Rangers rally, win Gibson's return to Minn.

May 5th, 2021

Right-hander Kyle Gibson is familiar with Target Field, his home field for almost seven years when he was with the Twins. Now, as a member of the Rangers, he was a visitor on Tuesday night.

Gibson struck out eight and allowed just three hits over eight innings, but he ended up with a no-decision as the Rangers won the game, 6-3, in 10 innings.

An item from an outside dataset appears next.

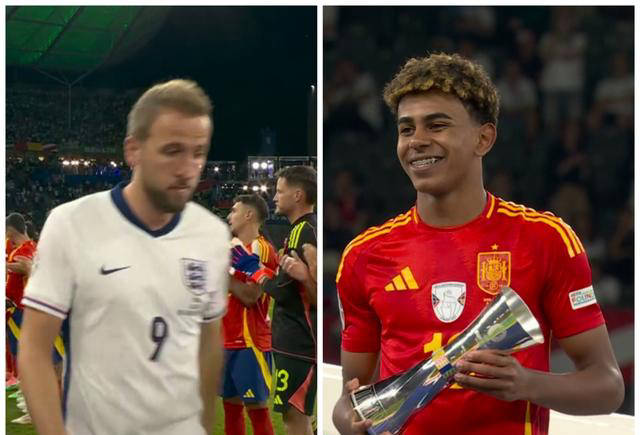 震撼欧洲之巅！西班牙小将绝杀英格兰，2024年欧洲杯冠军诞生-欧洲杯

The score was tied at 3 when the Rangers took the lead in the top of the 10th. With Twins left-hander Brandon Waddell on the mound, Adolis García hit a two-run homer over the left-field wall. The Rangers added to their lead against Waddell when Joey Gallo scored on a double by Charlie Culberson.

"For some reason, Adolis has a flair for the dramatic. He seems to get a big hit when we need it, a big home run when we need it,” manager Chris Woodward said. “It’s not surprising, I guess. It speaks about this team because of the energy that we have. It’s pretty special.”

Gibson found himself facing the team that employed his services from 2013-19. He won 67 games for the Twins and helped them reach the postseason in 2017 and 2019. It meant a lot to him to be able to talk to Twins pitching coach Wes Johnson before the game. 

“I had a chance to pitch [at Target Field] quite a bit. It was good to be back on the mound,” Gibson said. “As much as pitching in the game, it was seeing people I haven’t seen in a long time.

“When I realized I was going to pitch here, I said, ‘I want to go out there and throw well, and I want to win the four games that we are here.’ There are things in life that are bigger than baseball. I was going to enjoy this time regardless of how tonight went. But things went well, and we had a lot of fun.”

Gibson acknowledged that he was amped up, and it showed during the first inning. With one out and the Rangers leading, 1-0, he walked Josh Donaldson, then allowed a two-run homer to Byron Buxton that gave Minnesota a 2-1 lead. It was the first homer he allowed this season. 

“[After that] I calmed down a little bit. I was probably anxious and amped up a little bit. The Twins were really patient in the first inning. They caught me off guard a little bit,” he said. “The pitch to Buxton was one of my worst sliders of the night. That comes from being a little more amped up. I was a little more excited. You end up leaving the ball up when you are trying to go down and in.”

Gibson found himself in a groove after that, retiring 13 out of the next 15 hitters he faced. He relied heavily on the changeup during the middle innings, as he had a feeling that the Twins were looking for the slider.  

"If they are looking soft, then normally, they are going to lean out to get the slider vs. the changeup,” he said. “Honestly, we didn’t plan to throw that many changeups, but as the night wore on, it just seemed like that was maybe my best offspeed pitch in the last three innings."

But the long ball came back to bite him again when Willians Astudillo hit a home run over the left-field wall in the fifth to increase Minnesota’s lead.

"[Gibson] settled in. I think he found himself in those middle innings. He looked sharp,” Twins manager Rocco Badelli said. “His offspeed stuff looked very good. He leaned on what looked like a changeup -- it was being called a changeup up on the board a little bit. I think his slider was sharp tonight, too. He kept us off balance, especially throughout the whole middle of that ballgame. He pitched a good game.”

After scoring a run on García’s RBI single in the first inning, the Rangers were held off the scoreboard until the ninth, when Willie Calhoun homered and Isiah Kiner-Falefa tied the score with a sac fly.